On Monday, November 24, 2003, at 03:28 PM, Luke Palmer wrote:
Damian Conway writes:
In which case I think we just fall back to:

try{$opus.write_to_file($file); CATCH {die "Couldn't write to $file:
$!"}}


which is, after all, only 5 characters longer than:

$opus.write_to_file($file) catch die "Couldn't write to $file: $!\n";

;-)

Fair enough :-)


No, I wasn't implying that C<write_to_file> could validly return undef.
I just failed to realize how short the "long" version was.

But you have to admit, the latter version makes the important part of
the expression stand out, and is more natural to write (IMHO, as
always).

But it's moduleable, so I won't worry about it.


A small point of order, philosophically...

While there is a justifiable urge to deny entry into of the core language of as much syntactic sugar as possible -- since merely looking at the operator list proves P6 will be a behemoth of a language, when you consider all of its nooks and crannies -- I think we also need to be skeptical of the false economy of putting such sugar into CP6AN, if a sizable portion of the community is going to download it anyway.

In my mind, Luke's proposed C<catch> modifier quite easily fits the qualifications of something that should be in core, for the following reasons:

- It serves a common purpose, for which there is Only One (Good) Way To Do It. While you perhaps _can_ say

    try {
        $opus.write_to_file($file);
        CATCH {
            die "Couldn't write to $file: $!"
        }
    }

in other golfish ways, the above is clearly (ignoring preferences in whitespace formatting) the Obvious and Recommended way to do it, and so the above phrase will appear _wherever_ a single statement needs to be wrapped with a try/CATCH.

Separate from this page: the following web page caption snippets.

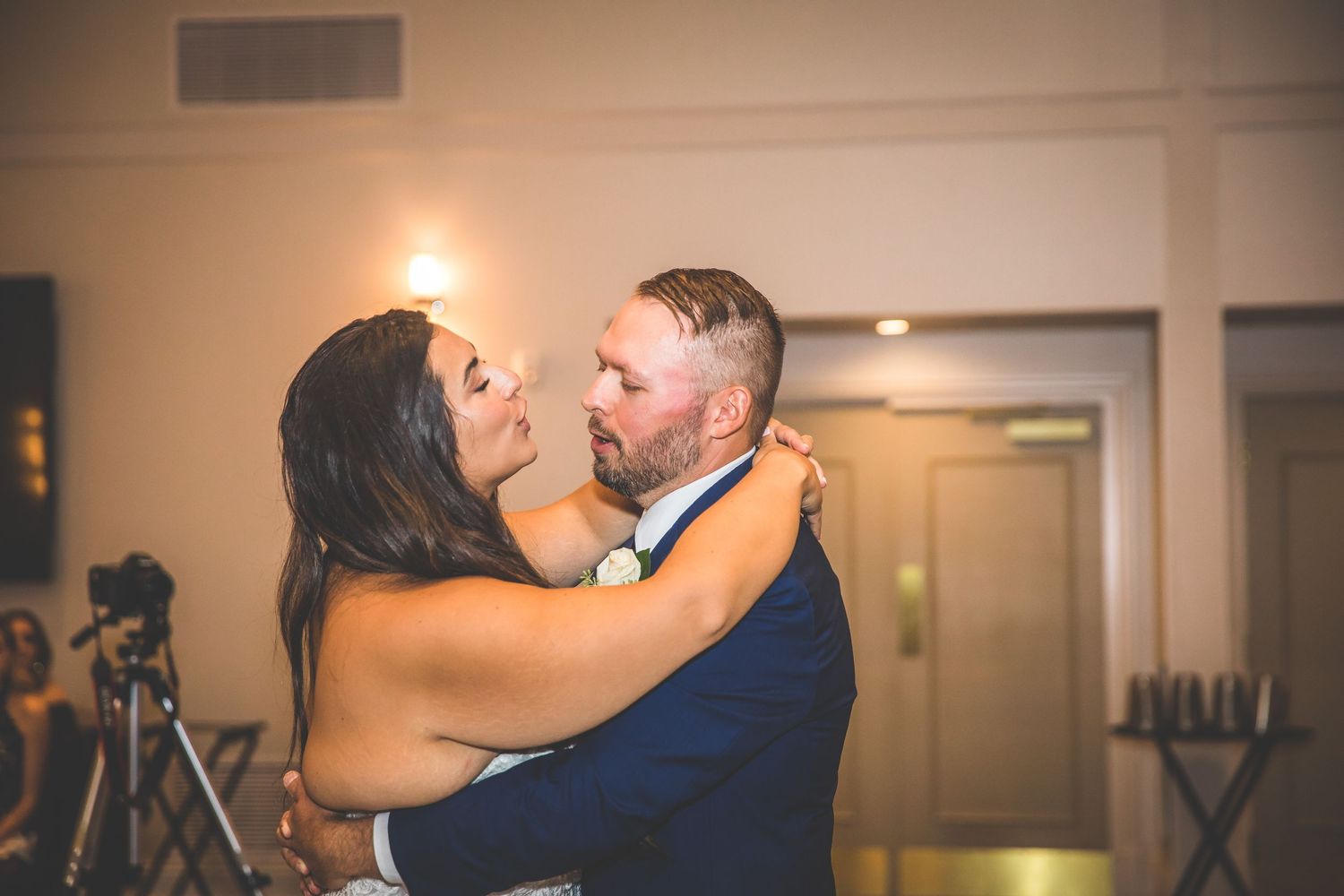 Couple sharing their first dance at an elegant indoor wedding reception.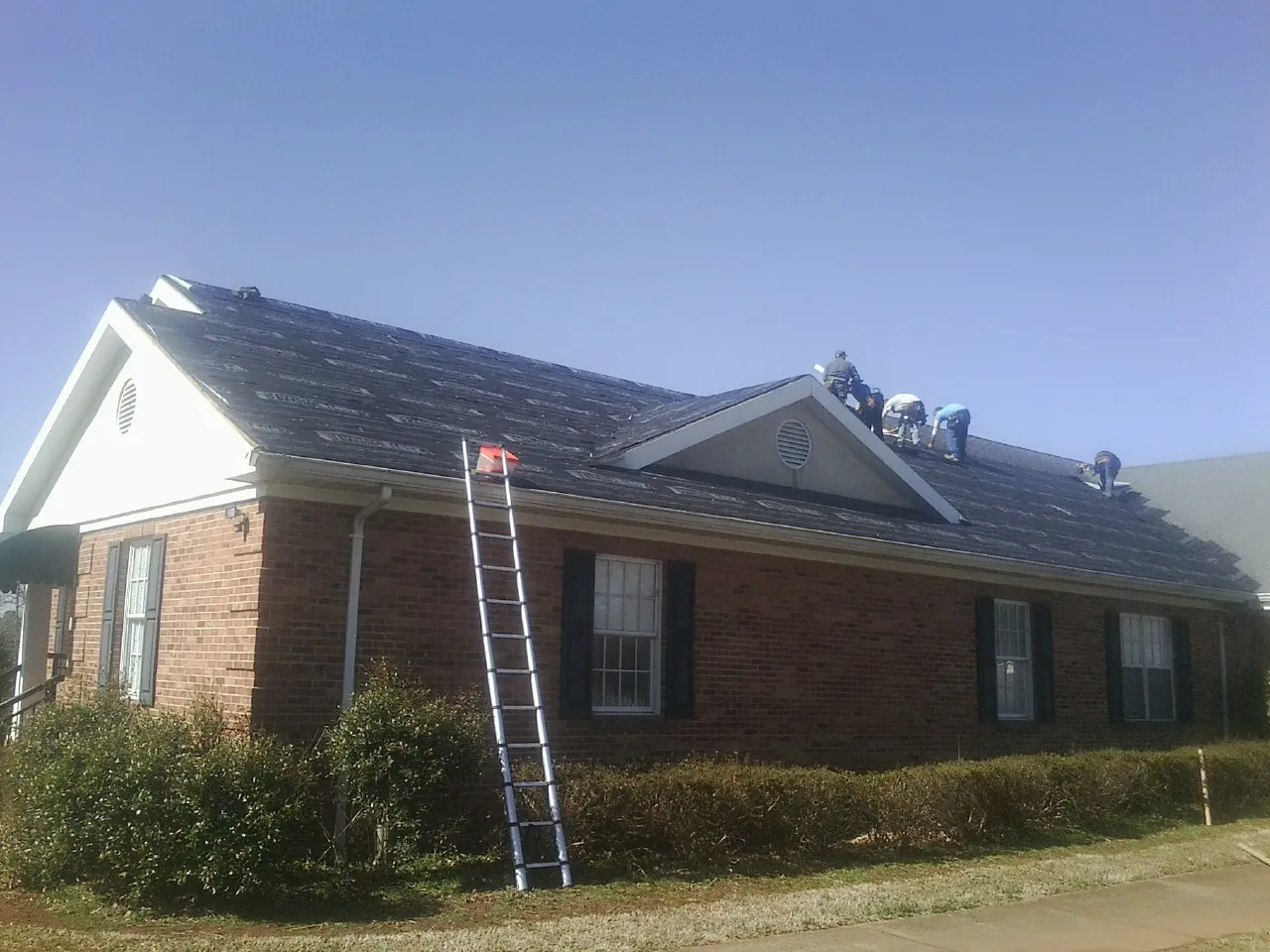 Crew tearing shingles off a brick ranch roof with a ladder set — Metal Roof Repair work by our crew in Columbia Station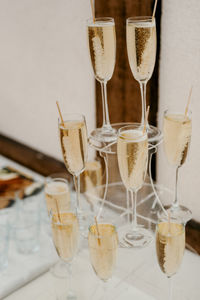 Close-up of wine glasses on table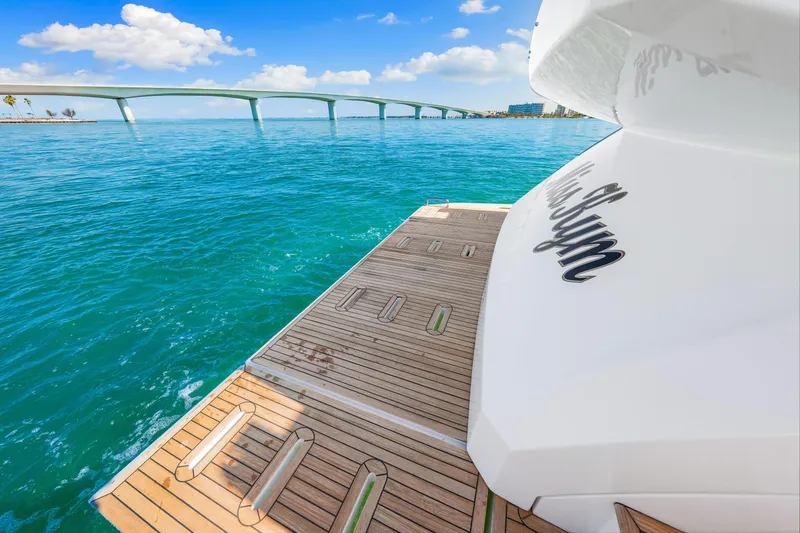 Slide: The Image of Luxury Azimut S6 yacht deck overlooking turquoise waters and a scenic bridge, 2020 model. - 85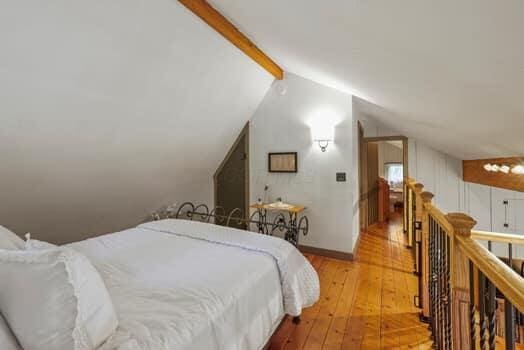 bedroom featuring vaulted ceiling with beams and light hardwood / wood-style flooring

- It has one, and only one, obvious meaning. Nobody should be making their own 'catch' modifiers that do different things -- that would be far more annoying, for shared code, than reserving the keyword in advance to do the One Obvious Thing.

- It is consistent with the philosophy of similar syntax.

- It poses no significant harm to novice users. They can program in P6 effectively without ever using it, but if they do see it in someone else's code, it will be reasonably obvious what it is doing. And whether it is core or commonly used CP6AN, they _will_ see it in other people's code.


It is true, the difference between the two constructs:


try { $opus.write_to_file($file); CATCH {die "Couldn't write to $file: $!"} }

$opus.write_to_file($file) catch die "Couldn't write to $file: $!";

is only 7 characters. But four of those characters are curly brackets, visually introducing two blocks. That's kind of a yuck.